However, the reforms to self-defence would do more than just that. They would simplify the law in other ways and bring a variety of different rules into one single rule that would be applied no matter what the circumstances. The basic elements of self-defence mirror those of defence of property but they are even simpler because complicated property concepts are not involved.

Right now, four separate sections of the Criminal Code set out various versions of the defence of the person, each of which applies in a slightly different set of circumstances. The law simply is way too complicated and confusing. The fact is that such complexity is unnecessary because the basic elements of the defence are relatively straightforward. Bill C-26 seeks to reduce the defence to its core elements.

The conditions for defence of the person under Bill C-26 can be stated relatively briefly. First, the person reasonably believes that he or she or another person is being threatened with force. Second, the person acts for the purpose of defending himself or herself or the other person from that force. Third, the person's actions are reasonable in the circumstances.

As with the defence of property, mistakes can be made by the defending person as long as those mistakes are reasonable. The defending person must genuinely be acting with a defensive purpose and must not be using the threat as a pretext to engage in violence that he or she would otherwise desire to engage in. The reasonableness of the actions taken in defence of the person must be assessed in relation to all of the relevant facts and circumstances.

Bill C-26 proposes a list of factors to help guide this determination. These factors frequently arise in the self-defence context. Factors on this list include: whether any party had a weapon; the nature of the threat the person was facing; whether the individuals involved had a pre-existing relationship, especially if it is a relationship that involved violence or threats; and the proportionality between the threat and the response will be a critical factor in determining whether under the circumstances the defence was reasonable.

These factors are drawn from real cases and from the courts' interpretation of the current law.
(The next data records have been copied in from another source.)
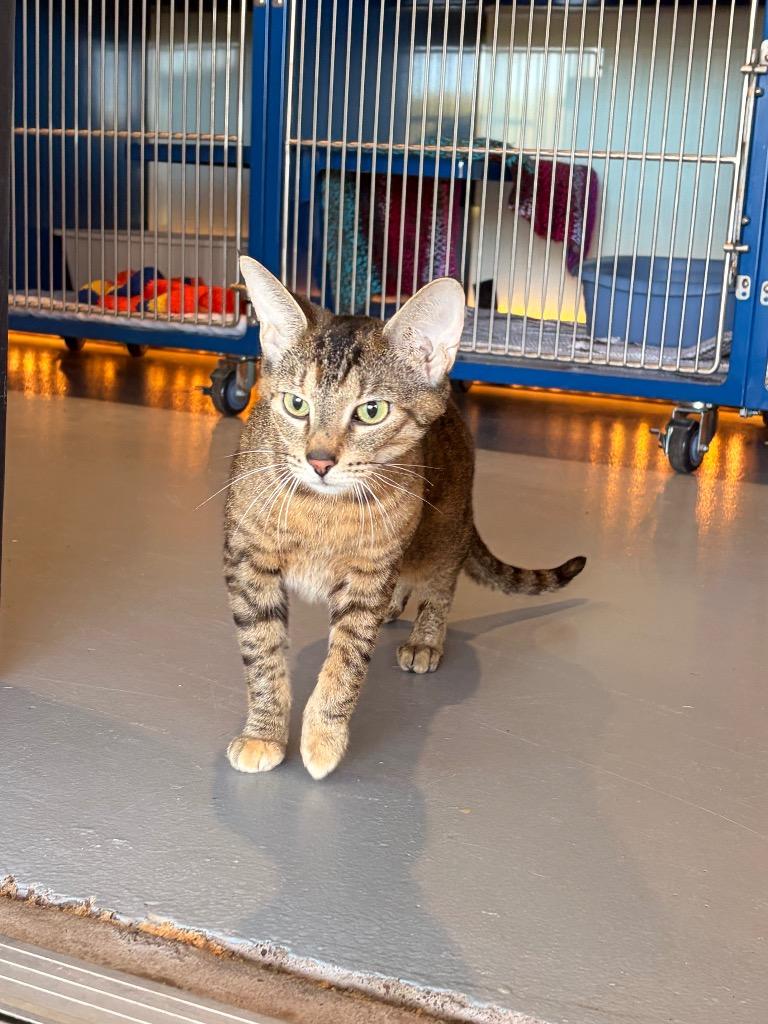 0 Sienna, Adoptable, Adult Female Domestic Short Hair.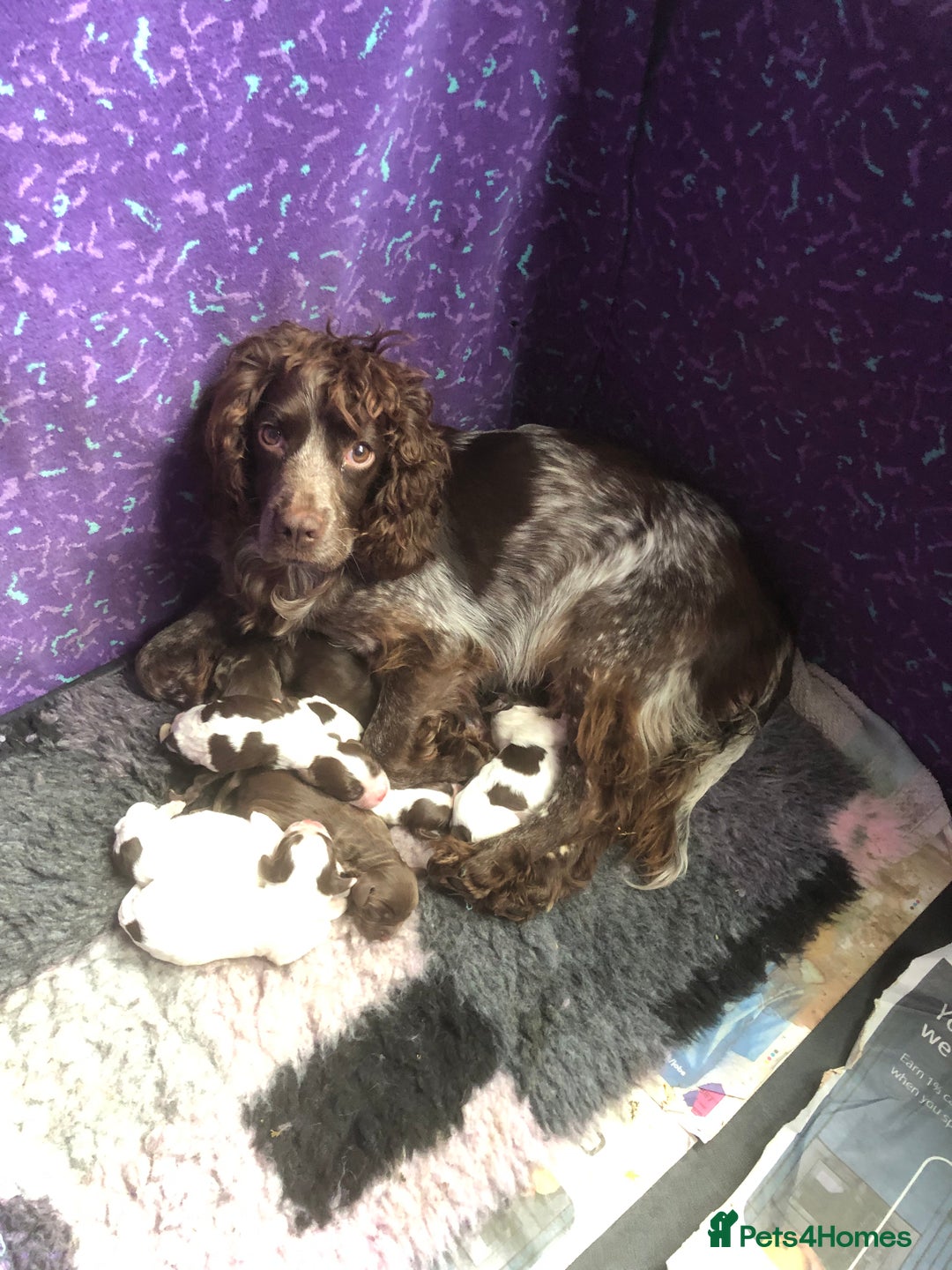 Cocker Spaniel dogs for sale: Gorgeous Working Cocker Spaniel puppies - Image 19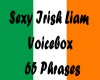 Sexy Irish Liam Voicebox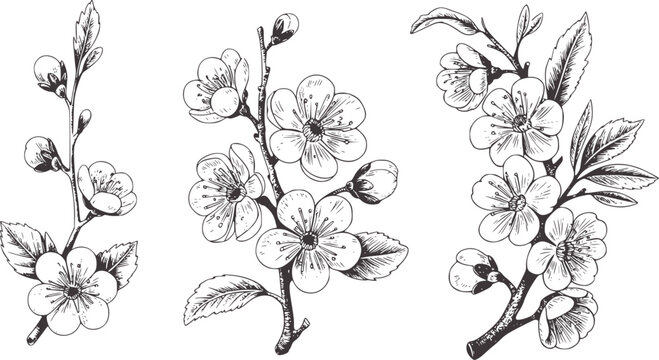 Hand drawn black and white plum blossom flower branches
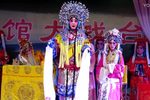 斩秦英下载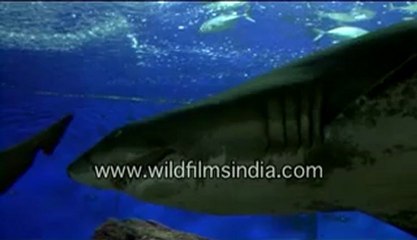 singapore-5-MPEG-4 800Kbps.mp4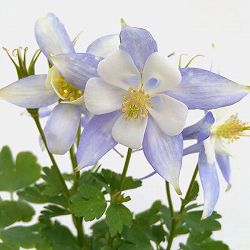 西洋オダマキ：キリガミ　ライトプブルー＆ホワイト3.5号ポット*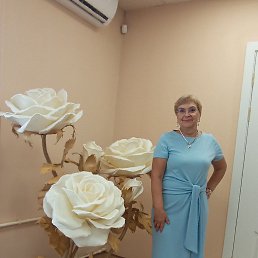 ���� �������, ������ - ��������� 28 ���� 2026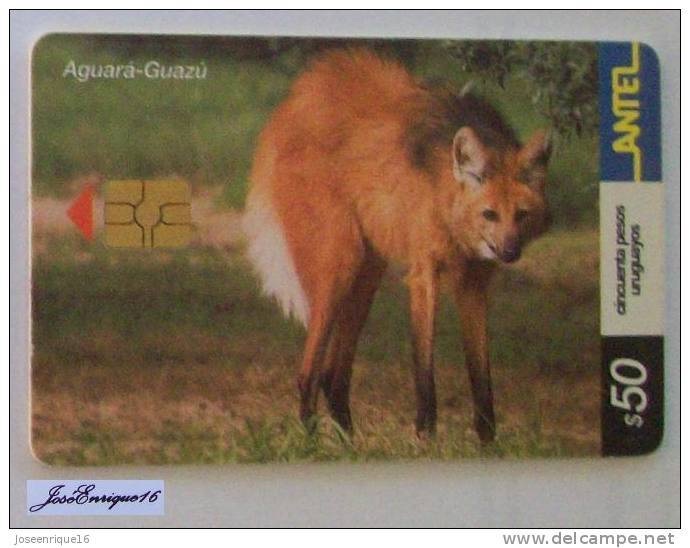 TC 250a ZORRO AGUARA GUAZU. CHRYSOCYON BRACHYURUS. URUGUAY, ANTEL. FOX - Uruguay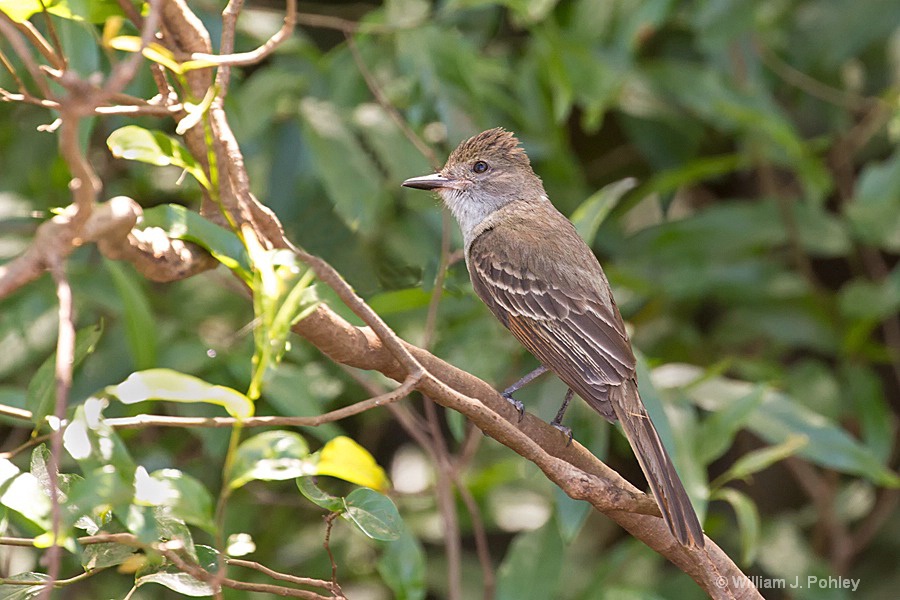 Brown-crested Flycatcher - ID: 15285978 © William J. Pohley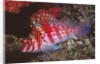 Dwarf Hawkfish by Anonymous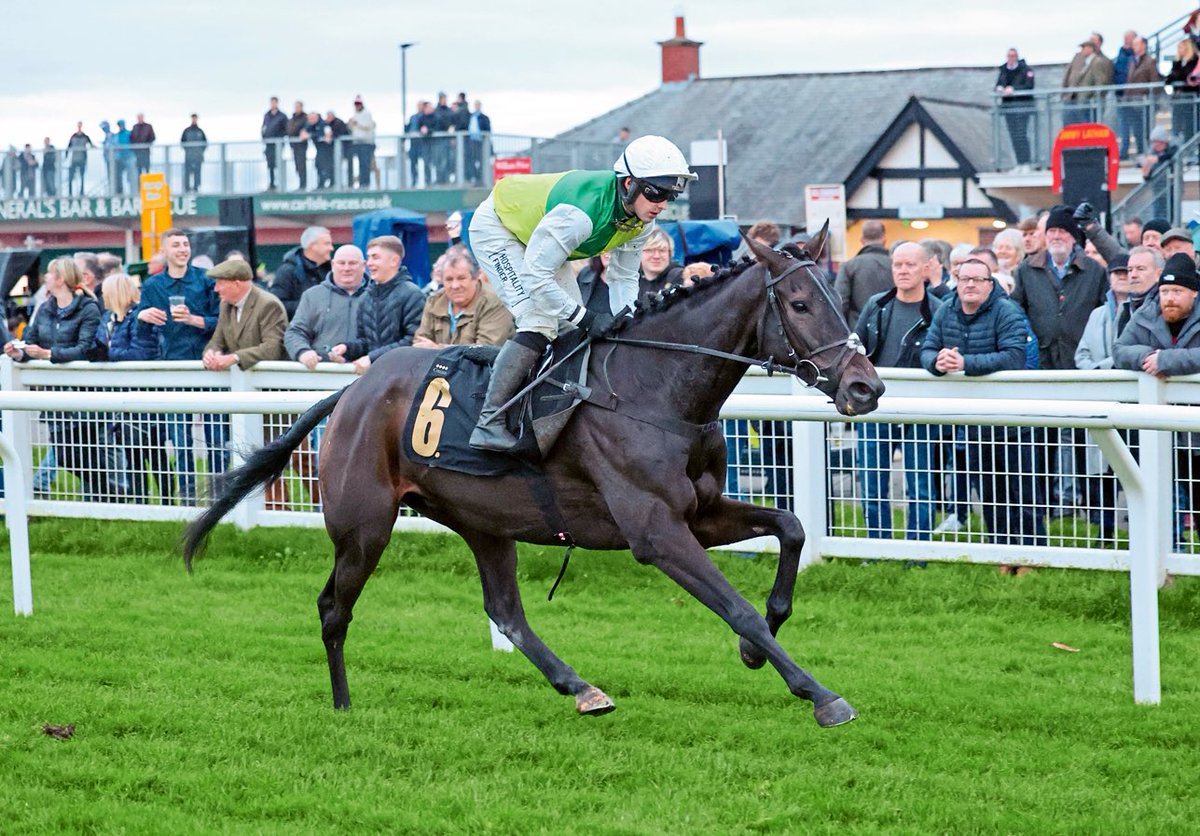 The 25 horses entered for the Gr.2 Weatherbys nhstallions.co.uk bumper @AintreeRaces on Saturday, include Champion Bumper 6th The Yellow Clay @gelliott_racing, and his owners Bective Stud could also be represented by Castle Ivers @O_J_murphy91. Willie Mullins has just My…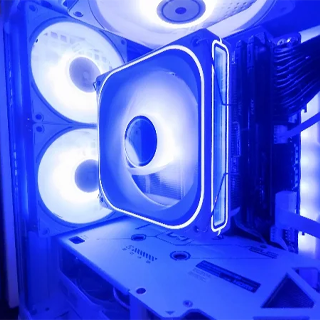 Golden case badge winnaar jan26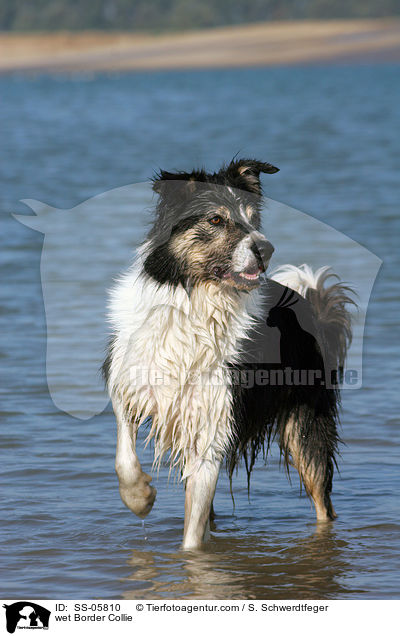 wet Border Collie / SS-05810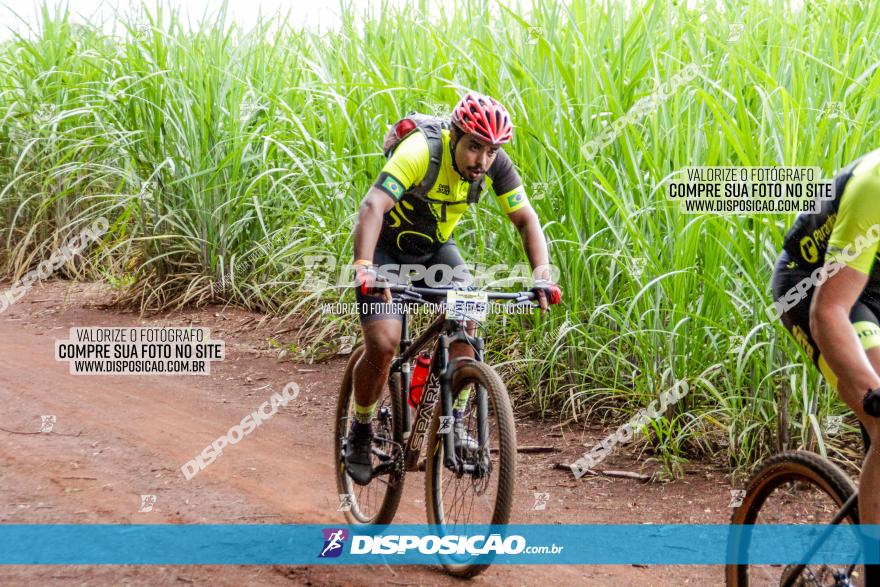 1ª EDIÇÃO DESAFIO ABELHA GRANDE - XCM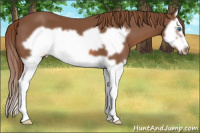 Horse Color:Liver Chestnut Splash Frame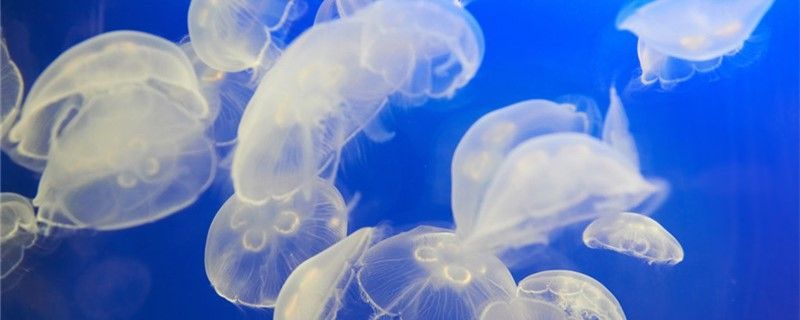 水母有心臟嗎有骨頭嗎 水母有心臟嗎有骨頭嗎 錦鯉魚百科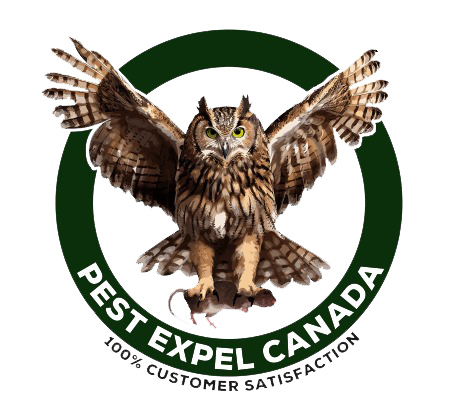 2 2 Bird Control Brampton: Protect Your Property with Pest Expel Canada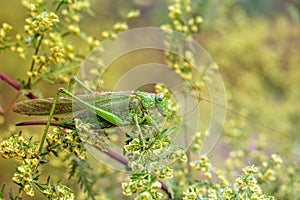Big green grasshopper sitting on a green plant.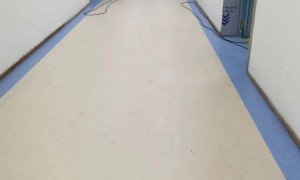 2026年pvc地坪批发哪家靠谱 正规知名厂家质量参考评选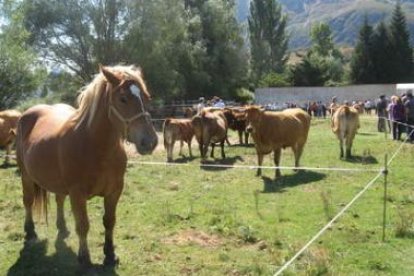 La exposición de ganado vacuno y equino resultó un rotundo éxito de participación.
The purpose behind these provisions is to signal to courts, as well as to police and to prosecutors, that the essence of self-defence is not changing. Reasonable actions under the current law should continue to be reasonable under the proposed new law.

These are the sorts of determinations our courts make regularly. However, by simplifying the law, by clearing away the clutter and putting in the Criminal Code the crucial questions and crucial factors, Bill C-26 would clear the path for them to get straight to the important questions.

The bill would also make it easier for police at the scene of a crime to apply the law before making charging decisions. Bringing clarity to the law will mean that legitimate self-defence actions lead police and prosecutors toward the decision that laying a charge would not be in the interests of justice. In this way, the bill continues to stand up for victims.

The bill is a delicate balance but, as previous speakers have said, this is the appropriate balance to balance the rights of individuals versus the rights of people who cause threat to those individuals or to their property.

Citizen's Arrest and Self-defence Act
Government Orders

12:40 p.m.

NDP

Lysane Blanchette-Lamothe Pierrefonds—Dollard, QC

Mr. Speaker, earlier, my colleague said that we would support this bill at second reading so it can be studied in committee. He also said that we had to ensure that we did not encourage vigilante justice or excessive force.

Does my colleague think that we should perhaps modify the wording of Bill C-26 to ensure that it does not open the doors to using force to protect oneself against theft or to having people take the law into their own hands and perhaps misinterpret this law, which could lead to things we would not want?

Citizen's Arrest and Self-defence Act
Government Orders

12:40 p.m.

Conservative

Brent Rathgeber Edmonton—St. Albert, AB

Mr. Speaker, the hon. member is right. I am on the justice committee and public safety committee, and I know that when this bill was being drafted, great consideration given not to send the signal that vigilantism is to be promoted or encouraged, or that individuals ought to take the law into their own hands.

This bill, as other members from that side of the House have correctly pointed out, strikes a very close balance. I admit there are cases that come close to that line. Nonetheless as legislators we have to try to balance the rights of individuals to protect themselves, their families and property against those who would cause harm. The issue becomes one of reasonableness. The test will vary from situation to situation.

I represent urban constituents where access to police is relatively expeditious. Individuals in rural and remote areas have different challenges. The test in each circumstance, which I said in my comments will be fact specific, is one of reasonableness. If people act reasonably, they will have the protection of this law. If they do not act reasonably, they will be charged.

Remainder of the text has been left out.